Prepare to be changed. This is the message we give 21 incoming Duke freshmen when they arrive in Durham for Project Change, Kenan’s pre-orientation program. Admittedly any student heading off to college is going to expect some changes. Leaving home, meeting new friends, discovering and defining interests—as a proud alumna I can say wholeheartedly that Duke is a fantastic place to do these things. And Duke is becoming more and more recognized for promoting the idea that change should not just happen “inside the walls of the university.” One of three core tenets displayed on the Duke Admissions site is engaged immersion. That immersion could take place literally anywhere in the world. But what about right outside the walls of the university? What about in Durham, North Carolina, the city of residence for at least the next four years of students’ lives?
Admittedly there is more interaction than there used to be. I have actually been living in Durham for seven years now (hard to believe— that is almost a third of my life!), first as a student at the North Carolina School of Science and Math. I’m not sure we ever ventured further than the shops and restaurants of nearby 9th Street. As a college student my classmates and I had more freedom to roam, but there seemed to be this invisible wall at the end of Brightleaf Square, especially as an underclassman.

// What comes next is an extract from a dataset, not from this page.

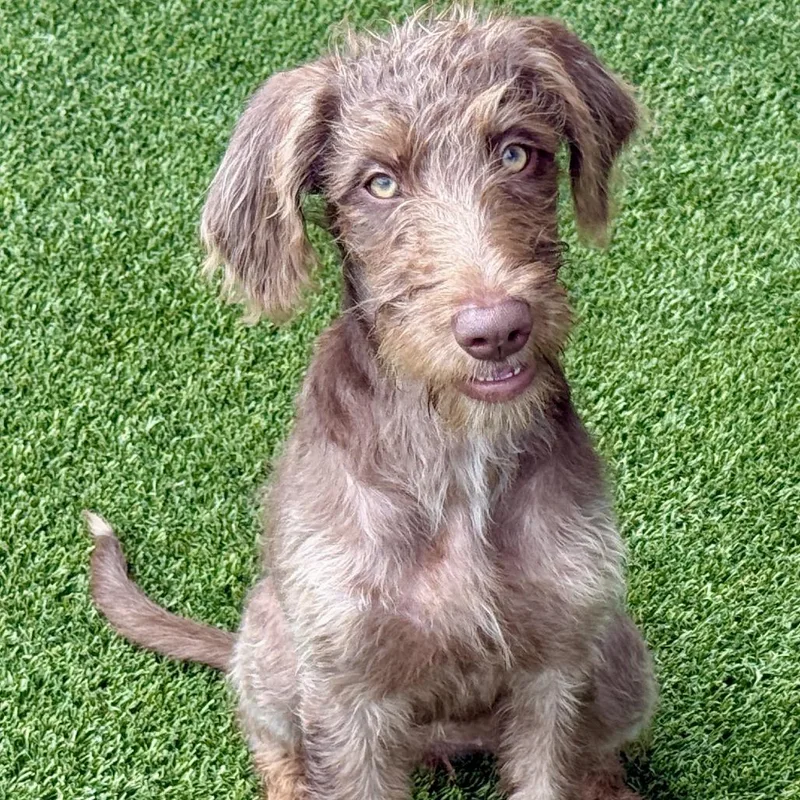 Elfie  Playful Schnauzer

Throughout this period, though, there has been increasing hype about Durham’s revitalization and food scene. So maybe Duke students are venturing into Durham a bit more for the hip new bar or restaurant—I know I took satisfaction in introducing my friends to Motorco Music Hall senior year— and walking further downtown without joking about getting robbed at gunpoint is indeed a positive step. I should also point out that there is great enthusiasm for “engaging” with the Durham community, through all manner of service-learning courses, tutoring programs, and volunteer opportunities.
In order to integrate these ideas about how students might be a part of Durham, Project Change tries to delve a little deeper into students’ perceptions of it. We want students to participate in the life of their new community, to contribute to its well-being. But we will challenge the perceived contribution they can make as a group of young adults new to the city, unaware of its strengths and weaknesses, as well as its people. They no doubt have creative ideas and energetic spirits. And Durham certainly benefits from the intelligent, innovative minds of Duke students, who have and will continue to make an important impact. But just how can they be ethical leaders in this new place? They can learn a lot from the incredible organizations and people that they will meet during Project Change, from those who are already tapped into the heartbeat of the community. In figuring out how they will engage with Durham, they will first need to do a great deal of listening, paying attention, relating to the community around them. Notice we are the ones to be changed.

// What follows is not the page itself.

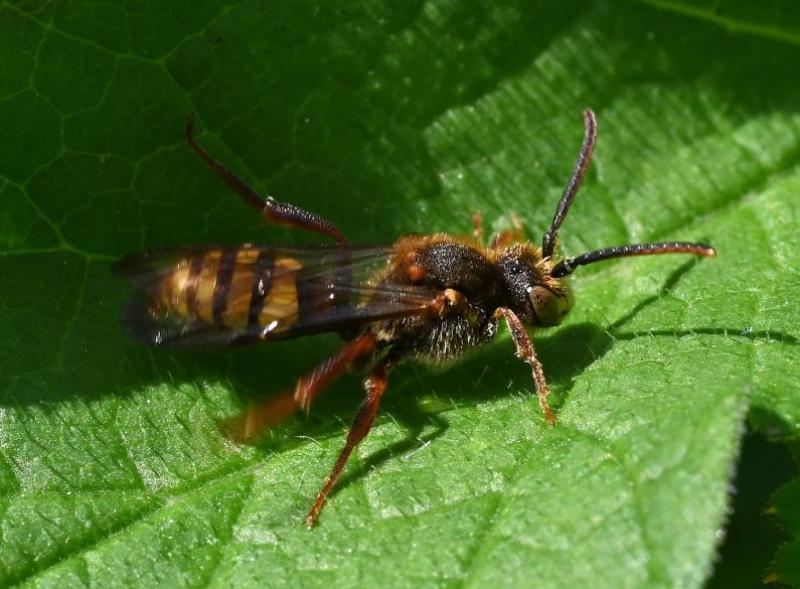 Lathbury's Nomad Bees are small (7 to 9 mm forewing length), with black, yellow and reddish-brown markings.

We also, of course, want students to enjoy being residents! Our strategy is to send kids headlong into the city upon arrival and learn what it has to offer. That means a crash course in its history, its geography, its attractions, and yes, its food scene. The discoveries may come through any manner of wacky activities—from intense team competitions, group puzzle-solving, and even a few fabled game show challenges. (A highlight of the week for me is judging some of these events!) Part of the experience is working through the initial discomfort of being unsettled, and relying on both new classmates and new neighbors to find their way around. Ultimately they will be proud of what they know, and will be way ahead of the game for their next four years in Durham.
We hosted a reunion this spring for the first four Project Change classes, as the inaugural class was about to graduate and head into the wider world. They have new communities to inhabit, and I think are rightly humbled by how much they don’t yet know and what they hope to contribute. It will be another opportunity to learn, engage, and eventually be enriched by a mutual relationship with a new place. For the freshmen about to arrive, I hope they are ready to do that with Duke and with Durham.
It’s going to be a fun and crazy week for all of us. As one Project Change student said last year, it taught him to “try new things on a gigantic new scale.” Look out for more on our antics and adventures this week, and perhaps some of the changes that come about for this new cohort of Durham residents.